Severe incompetence on the part of a surgeon reveals weaknesses within the European medical licensing framework
Thomas Gölkel, a 46-year-old German man, says he has been in pain every day since an ankle surgery in November 2024.
Last year he endured follow-up procedures, and obtained an expert opinion on his case.
Gölkel’s tendons had been "erroneously fixed with a suture" and the procedure as a whole had been "grossly negligent,” concluded the expert from the statutory health insurance company.
“This should have been prevented," Gölkel told ZDF frontal, OCCRP’s German media partner.
Gölkel’s surgeon, Jerlan Omarchanov, had his medical license revoked in Norway in 2021. However, he maintained his license in Germany where he continued to practice, reporters found during a cross-border investigation published in October 2025.
In the ‘Bad Practice’ project OCCRP and media partners identified more than 100 doctors who lost their licenses for serious wrongdoing in one jurisdiction, but held or obtained a license in another.
Gölkel’s experience — reported exclusively by German media partners ZDF, SPIEGEL and Paper Trail Media — demonstrates the risk that systemic failures revealed by the investigation can pose to patients.
Reporters emailed questions to the practice where Omarchanov has worked, but received no response. It is unclear if Omarchanov still works there, as his name has been covered up on the entrance to the office. In a letter to Gölkel’s lawyer, Omarchanov said Gölkel’s operation went “without complications."
The Norwegian health board reviewed Omarchanov’s treatment of eight patients, and alleged that he had exposed them “to a disproportionate risk and caused irreversible harm to many of them.”
One patient developed pressure ulcers and suspected sepsis, resulting in the amputation of his lower leg. While a Norwegian court acquitted the doctor of gross negligence in 2022, it also concluded that he had acted "negligently and irresponsibly" towards his patients.
It was only after the surgery that Gölkel stumbled on an article online in which the Norwegian patient, Finn Åge Olsen, described the ordeal of losing a part of his leg after being operated on by the same doctor.
"I’m still very grateful to him for sharing his story," said Gölkel. "Without him, I would never have become aware of [Omarchanov’s history].”
Via his attorney, Gölkel contacted the South Württemberg Medical Association and requested a review of Omarchanov’s professional practice.
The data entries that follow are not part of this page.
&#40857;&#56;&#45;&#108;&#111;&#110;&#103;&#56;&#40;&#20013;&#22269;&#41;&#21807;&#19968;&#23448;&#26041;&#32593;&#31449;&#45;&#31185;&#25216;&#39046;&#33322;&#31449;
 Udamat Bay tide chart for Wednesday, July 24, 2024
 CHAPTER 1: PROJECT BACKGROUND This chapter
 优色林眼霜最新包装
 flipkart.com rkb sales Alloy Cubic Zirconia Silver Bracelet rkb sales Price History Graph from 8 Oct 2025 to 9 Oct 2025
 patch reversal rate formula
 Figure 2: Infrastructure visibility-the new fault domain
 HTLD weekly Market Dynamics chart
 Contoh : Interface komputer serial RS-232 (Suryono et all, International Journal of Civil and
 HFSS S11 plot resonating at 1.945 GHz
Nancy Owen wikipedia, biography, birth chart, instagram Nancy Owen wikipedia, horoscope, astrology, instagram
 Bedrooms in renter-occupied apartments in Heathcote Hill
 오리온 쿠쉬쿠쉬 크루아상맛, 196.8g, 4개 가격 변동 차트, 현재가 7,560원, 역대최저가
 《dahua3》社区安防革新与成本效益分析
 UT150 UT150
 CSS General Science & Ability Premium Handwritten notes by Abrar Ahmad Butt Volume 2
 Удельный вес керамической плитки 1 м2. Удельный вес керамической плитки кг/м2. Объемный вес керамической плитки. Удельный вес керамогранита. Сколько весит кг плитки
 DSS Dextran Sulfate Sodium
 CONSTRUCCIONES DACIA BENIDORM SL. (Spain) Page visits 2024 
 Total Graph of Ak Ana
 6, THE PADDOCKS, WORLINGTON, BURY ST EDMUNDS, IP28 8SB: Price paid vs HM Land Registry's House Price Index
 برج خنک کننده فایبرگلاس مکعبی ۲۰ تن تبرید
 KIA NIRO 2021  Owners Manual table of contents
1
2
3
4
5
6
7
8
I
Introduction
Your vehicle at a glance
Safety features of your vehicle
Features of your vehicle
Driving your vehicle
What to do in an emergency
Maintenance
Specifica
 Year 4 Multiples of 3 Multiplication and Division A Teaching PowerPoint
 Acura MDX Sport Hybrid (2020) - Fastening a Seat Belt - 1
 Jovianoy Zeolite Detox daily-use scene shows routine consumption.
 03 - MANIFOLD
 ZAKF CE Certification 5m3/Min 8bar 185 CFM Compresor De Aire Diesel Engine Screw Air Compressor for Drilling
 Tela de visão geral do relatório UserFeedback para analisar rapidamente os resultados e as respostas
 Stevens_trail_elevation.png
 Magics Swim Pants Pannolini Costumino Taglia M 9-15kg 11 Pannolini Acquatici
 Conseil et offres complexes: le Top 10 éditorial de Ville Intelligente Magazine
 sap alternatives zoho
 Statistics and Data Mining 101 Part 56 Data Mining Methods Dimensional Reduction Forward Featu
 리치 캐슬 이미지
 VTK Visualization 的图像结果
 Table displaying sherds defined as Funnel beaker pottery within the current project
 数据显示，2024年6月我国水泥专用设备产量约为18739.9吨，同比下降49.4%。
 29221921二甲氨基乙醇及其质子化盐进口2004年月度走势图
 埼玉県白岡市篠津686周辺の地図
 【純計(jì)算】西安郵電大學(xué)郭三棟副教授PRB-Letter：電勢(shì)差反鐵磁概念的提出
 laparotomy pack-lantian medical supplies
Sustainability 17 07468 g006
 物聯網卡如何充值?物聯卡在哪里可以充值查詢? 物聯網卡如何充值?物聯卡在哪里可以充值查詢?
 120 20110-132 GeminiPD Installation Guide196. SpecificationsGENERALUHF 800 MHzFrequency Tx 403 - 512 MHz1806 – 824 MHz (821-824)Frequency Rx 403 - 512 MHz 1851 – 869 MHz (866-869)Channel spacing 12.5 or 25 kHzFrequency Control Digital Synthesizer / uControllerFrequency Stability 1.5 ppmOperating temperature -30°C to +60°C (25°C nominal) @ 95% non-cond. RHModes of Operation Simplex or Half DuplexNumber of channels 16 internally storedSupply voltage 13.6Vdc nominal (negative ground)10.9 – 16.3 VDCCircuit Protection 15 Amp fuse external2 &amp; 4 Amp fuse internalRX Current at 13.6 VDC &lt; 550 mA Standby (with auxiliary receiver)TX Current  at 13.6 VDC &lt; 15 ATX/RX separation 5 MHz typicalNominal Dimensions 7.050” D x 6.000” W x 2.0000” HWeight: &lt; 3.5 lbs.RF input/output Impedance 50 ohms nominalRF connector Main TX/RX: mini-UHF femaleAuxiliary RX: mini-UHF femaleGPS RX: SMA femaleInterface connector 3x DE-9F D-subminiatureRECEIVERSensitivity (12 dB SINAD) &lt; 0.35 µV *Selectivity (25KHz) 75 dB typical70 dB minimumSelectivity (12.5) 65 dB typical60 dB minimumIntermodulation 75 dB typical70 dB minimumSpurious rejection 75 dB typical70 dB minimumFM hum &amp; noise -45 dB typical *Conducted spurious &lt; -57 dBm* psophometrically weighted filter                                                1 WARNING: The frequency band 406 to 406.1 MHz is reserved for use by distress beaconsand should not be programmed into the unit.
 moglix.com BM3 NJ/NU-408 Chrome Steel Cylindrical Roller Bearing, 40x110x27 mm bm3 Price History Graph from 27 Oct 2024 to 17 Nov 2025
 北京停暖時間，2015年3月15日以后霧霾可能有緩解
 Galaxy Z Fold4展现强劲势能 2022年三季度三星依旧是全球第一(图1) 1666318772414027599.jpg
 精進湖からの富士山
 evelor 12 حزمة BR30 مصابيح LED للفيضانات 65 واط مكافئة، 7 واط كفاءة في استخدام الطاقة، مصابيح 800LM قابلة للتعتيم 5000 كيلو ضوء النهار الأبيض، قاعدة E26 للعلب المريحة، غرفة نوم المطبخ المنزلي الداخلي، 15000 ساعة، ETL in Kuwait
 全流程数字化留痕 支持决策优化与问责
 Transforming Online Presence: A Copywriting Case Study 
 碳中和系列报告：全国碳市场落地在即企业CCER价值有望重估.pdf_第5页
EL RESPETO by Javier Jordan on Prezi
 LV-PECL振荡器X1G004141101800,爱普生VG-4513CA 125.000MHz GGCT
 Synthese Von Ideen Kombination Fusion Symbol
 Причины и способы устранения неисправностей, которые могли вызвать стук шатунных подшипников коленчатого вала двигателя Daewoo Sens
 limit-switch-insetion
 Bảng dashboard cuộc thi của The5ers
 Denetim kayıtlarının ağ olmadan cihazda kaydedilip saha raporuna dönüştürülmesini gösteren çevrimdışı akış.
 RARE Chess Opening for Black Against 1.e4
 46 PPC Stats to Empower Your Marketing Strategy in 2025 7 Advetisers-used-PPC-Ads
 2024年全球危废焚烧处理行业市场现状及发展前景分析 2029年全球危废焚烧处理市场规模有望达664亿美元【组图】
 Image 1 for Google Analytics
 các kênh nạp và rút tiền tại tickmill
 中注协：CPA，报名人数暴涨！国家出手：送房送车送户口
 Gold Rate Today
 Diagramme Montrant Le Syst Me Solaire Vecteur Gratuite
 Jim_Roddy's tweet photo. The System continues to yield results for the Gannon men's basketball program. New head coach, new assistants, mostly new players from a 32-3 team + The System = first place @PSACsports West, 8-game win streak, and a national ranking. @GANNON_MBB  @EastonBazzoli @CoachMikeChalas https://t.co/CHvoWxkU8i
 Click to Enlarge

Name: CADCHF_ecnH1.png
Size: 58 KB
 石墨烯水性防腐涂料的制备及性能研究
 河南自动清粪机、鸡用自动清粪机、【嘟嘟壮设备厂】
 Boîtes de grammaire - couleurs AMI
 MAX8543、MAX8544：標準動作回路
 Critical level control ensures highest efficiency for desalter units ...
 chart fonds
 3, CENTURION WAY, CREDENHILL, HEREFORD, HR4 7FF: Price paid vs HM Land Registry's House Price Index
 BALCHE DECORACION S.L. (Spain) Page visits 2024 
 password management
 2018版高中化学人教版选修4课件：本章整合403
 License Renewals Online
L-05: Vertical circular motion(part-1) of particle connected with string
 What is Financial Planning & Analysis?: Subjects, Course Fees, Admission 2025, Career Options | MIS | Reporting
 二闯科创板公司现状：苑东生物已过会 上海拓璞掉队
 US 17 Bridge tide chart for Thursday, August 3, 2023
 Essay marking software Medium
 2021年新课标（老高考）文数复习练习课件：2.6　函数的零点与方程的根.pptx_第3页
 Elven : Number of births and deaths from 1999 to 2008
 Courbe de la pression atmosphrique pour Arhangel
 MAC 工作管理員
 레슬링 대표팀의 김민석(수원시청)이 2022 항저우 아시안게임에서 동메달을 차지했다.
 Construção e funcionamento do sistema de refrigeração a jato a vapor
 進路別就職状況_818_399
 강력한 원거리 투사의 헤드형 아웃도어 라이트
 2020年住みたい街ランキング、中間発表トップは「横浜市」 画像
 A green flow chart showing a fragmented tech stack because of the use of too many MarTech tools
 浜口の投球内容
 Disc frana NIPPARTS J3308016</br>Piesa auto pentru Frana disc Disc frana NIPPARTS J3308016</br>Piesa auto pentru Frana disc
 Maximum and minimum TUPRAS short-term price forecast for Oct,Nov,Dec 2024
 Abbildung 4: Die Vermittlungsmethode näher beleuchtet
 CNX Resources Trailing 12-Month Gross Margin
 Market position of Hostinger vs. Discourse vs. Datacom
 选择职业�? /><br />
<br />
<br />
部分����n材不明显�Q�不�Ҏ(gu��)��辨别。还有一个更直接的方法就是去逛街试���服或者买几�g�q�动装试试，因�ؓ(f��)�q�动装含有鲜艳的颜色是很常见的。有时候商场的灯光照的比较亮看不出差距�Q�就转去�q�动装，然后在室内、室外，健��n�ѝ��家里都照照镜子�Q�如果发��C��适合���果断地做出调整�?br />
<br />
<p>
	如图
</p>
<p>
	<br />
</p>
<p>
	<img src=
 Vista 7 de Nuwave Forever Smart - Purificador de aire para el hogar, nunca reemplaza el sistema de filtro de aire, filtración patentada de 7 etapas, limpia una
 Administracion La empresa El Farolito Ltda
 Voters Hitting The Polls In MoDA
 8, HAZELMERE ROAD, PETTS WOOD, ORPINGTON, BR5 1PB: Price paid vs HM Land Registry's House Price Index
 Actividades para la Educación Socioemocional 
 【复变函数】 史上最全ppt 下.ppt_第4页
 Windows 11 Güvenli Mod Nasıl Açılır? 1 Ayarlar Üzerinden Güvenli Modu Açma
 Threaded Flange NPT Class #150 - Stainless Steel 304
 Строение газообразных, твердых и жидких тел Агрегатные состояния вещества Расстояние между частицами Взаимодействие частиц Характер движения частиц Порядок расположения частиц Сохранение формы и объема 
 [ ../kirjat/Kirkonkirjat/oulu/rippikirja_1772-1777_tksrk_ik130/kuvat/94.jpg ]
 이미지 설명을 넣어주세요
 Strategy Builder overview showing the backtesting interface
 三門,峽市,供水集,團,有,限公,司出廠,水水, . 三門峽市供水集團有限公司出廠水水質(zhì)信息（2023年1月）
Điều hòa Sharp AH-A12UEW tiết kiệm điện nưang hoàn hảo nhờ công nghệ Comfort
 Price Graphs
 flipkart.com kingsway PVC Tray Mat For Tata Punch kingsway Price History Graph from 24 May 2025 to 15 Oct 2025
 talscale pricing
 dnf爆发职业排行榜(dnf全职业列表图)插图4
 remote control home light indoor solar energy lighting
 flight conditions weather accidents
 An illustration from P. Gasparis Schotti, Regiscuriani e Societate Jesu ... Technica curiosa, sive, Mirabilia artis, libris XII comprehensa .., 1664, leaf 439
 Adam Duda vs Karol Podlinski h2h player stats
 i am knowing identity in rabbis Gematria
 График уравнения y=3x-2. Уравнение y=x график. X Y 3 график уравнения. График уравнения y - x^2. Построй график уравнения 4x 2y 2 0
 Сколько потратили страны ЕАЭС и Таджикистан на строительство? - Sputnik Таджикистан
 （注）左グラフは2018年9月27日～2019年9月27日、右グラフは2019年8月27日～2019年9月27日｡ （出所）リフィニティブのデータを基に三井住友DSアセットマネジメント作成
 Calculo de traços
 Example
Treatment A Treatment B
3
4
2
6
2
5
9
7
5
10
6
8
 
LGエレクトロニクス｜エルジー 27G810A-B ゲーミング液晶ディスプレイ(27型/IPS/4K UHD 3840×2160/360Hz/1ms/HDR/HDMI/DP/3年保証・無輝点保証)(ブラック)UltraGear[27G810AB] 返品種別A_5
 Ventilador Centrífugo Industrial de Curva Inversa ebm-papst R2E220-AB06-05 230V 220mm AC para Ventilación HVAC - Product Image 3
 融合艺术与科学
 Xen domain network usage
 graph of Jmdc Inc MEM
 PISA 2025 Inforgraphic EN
But the medical chamber, which oversees professional conduct, said it "saw no reason" to request a statement from the doctor.
Four years before the chamber made that decision, Norwegian health authorities had contacted the German Embassy in Oslo about the license revocation (Omarchanov holds German citizenship).
"It leaves me incredibly speechless and angry," Gölkel told ZDF frontal.
Norwegian authorities also filed an alert with the European Union’s IMI system, which is meant to flag disciplined doctors to health agencies.
Journalists have obtained data that exposed major gaps in the IMI system. Alert records indicate that only one third of member states open the warnings sent through the IMI system, OCCRP and partners reported last month.
For Germany, access to the system is decentralized, with each of the 16 states responsible for its own access to the alerts.
An analysis of 2024 IMI records found that nine German states did not open any of the nearly 500 warnings, and only two of the states accessed nearly all the alerts.
The German Federal Office of Administration, the national IMI coordinator, confirmed that there are no binding guidelines for handling warning notifications in the country.
State authorities, meanwhile, told reporters that the warning notifications are checked during licensing procedures for foreign doctors, but if there is not an exact name match the warning can be missed. And doctors who already have a license in Germany when a warning is issued could slip through the cracks.
German medical associations and the federal government’s Commissioner for Patients’ Affairs have also acknowledged to ZDF that there are structural deficiencies in patient protection. They have called for a nationwide register in which all professional disciplinary measures could be centrally recorded.
However, it’s unclear whether any of these changes would have prevented the issues with Gölkel’s treatment, which the statutory health insurance company called “grossly negligent.”
Records show that the authorities in Bavaria had accessed the Norwegian IMI alert. Omarchanov then moved to Baden-Württemberg, where the Stuttgart licensing authority decided against revoking his license. The authority said revocation “is always a legal last resort.”